Written by Catholic Register Readers,

Views : 1130    



Support funding


Michael Swan did his usual lucid job of helping us hear conflicted voices in his Sept. 9 report on the faith-based school funding debate (“Funding debate could hurt Catholic schools”). It seems that John Tory’s proposal to recognize the educational rights of religious parents who are not Roman Catholics makes the guardians of our school system extremely nervous.

Yes, there are many things to be nervous about. But it seems to me that Catholics should be jumping up and down with enthusiasm for public support for the educational conscience of other parents who are believers. Of course we should welcome them into the public space whose resources also sustain our schools.

After all, the Catholic argument for public funding for our schools is, precisely, the prior right of all parents to choose for their children an education that reflects the parents’ own deepest values and commitments. The present situation of funding only for one kind of religious parent is unfair also by Catholic standards, not only by secular ones.

And our “right” to our system will surely appear far more attractive to the wider community if we joyfully offer to welcome others into an analogous recognition. Funding of other faith-based schools will civilize our diversity, broaden our dialogue and deepen our society’s hospitality.

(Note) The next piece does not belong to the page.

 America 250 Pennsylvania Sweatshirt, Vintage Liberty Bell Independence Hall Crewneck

Yes, it will be hard to work out the details — it was hard to work out the ground rules for our schools, too — but it will be wonderfully worth the long slog.

Janet Somerville
Toronto, Ont.


Yes to religious funding


An old Armenian gentleman is about to pass away. His family gathered around, catching his whispers. They hear: “Protect the Jews!”

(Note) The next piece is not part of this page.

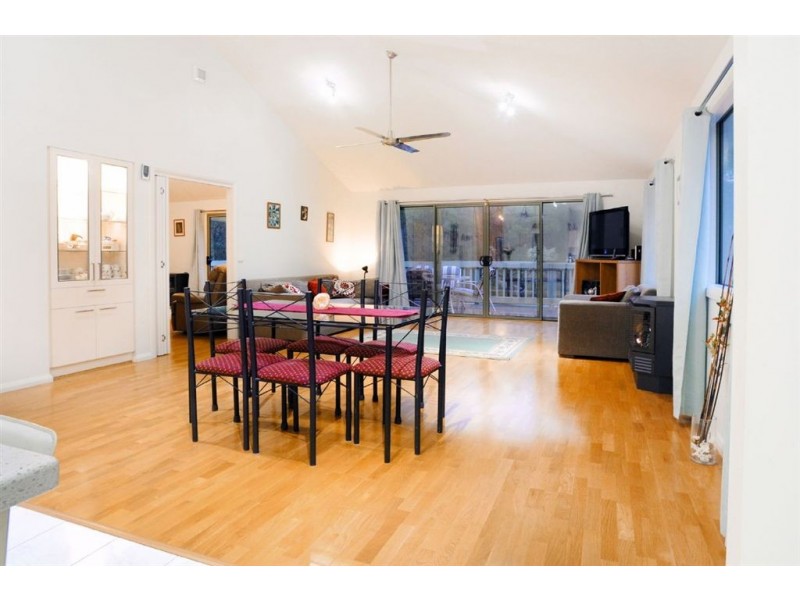 94 Claremont Avenue, The Basin VIC 3154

“Why, grandpa?” — wondered they.

“After they finish off with the Jews, they will start with you!”

I recalled the story while watching Liberals refusing equal funding for religious education, but in fact, wanting all religion out of schools.

This affects all religions. I was puzzled not to see more active coverage of the issues in The Catholic Register.

Funding for Catholic schools is endangered too.

It is based on the Constitution. However, the Constitution can be changed. Remember gay marriage?

Forty per cent of the provincial population is Catholic. Still, it is below the majority. Official Liberal folks talk about a referendum. Who will win it?

Premier Dalton McGuinty is a friend of Catholic education. Will the next Liberal premier have the same feelings?

Funding for faith-based schools is a great cause to divert people’s attention from failures of the current Liberal government: raised taxes, broken promises, etc. What other subject can they pick so easily to explain the next failures?

We send our kids to religious school to learn our morals and principles. To defend our principles, let us stand up together and fight the educational discrimination in Ontario.

If the Conservatives are the only party to respect our values, don’t they deserve our full support.

Alexander Werner
Toronto, Ont.


 

Masses for all


As one of many who faithfully attend the annual Mass at Mount Hope Cemetery, I would like to inform you that the caption under the photo on page 4 of the Sept. 2 issue is incorrect. The Masses in the Catholic cemeteries are not intended only for those “who have buried someone in the last year” but for all of us to remember all of our beloved dead.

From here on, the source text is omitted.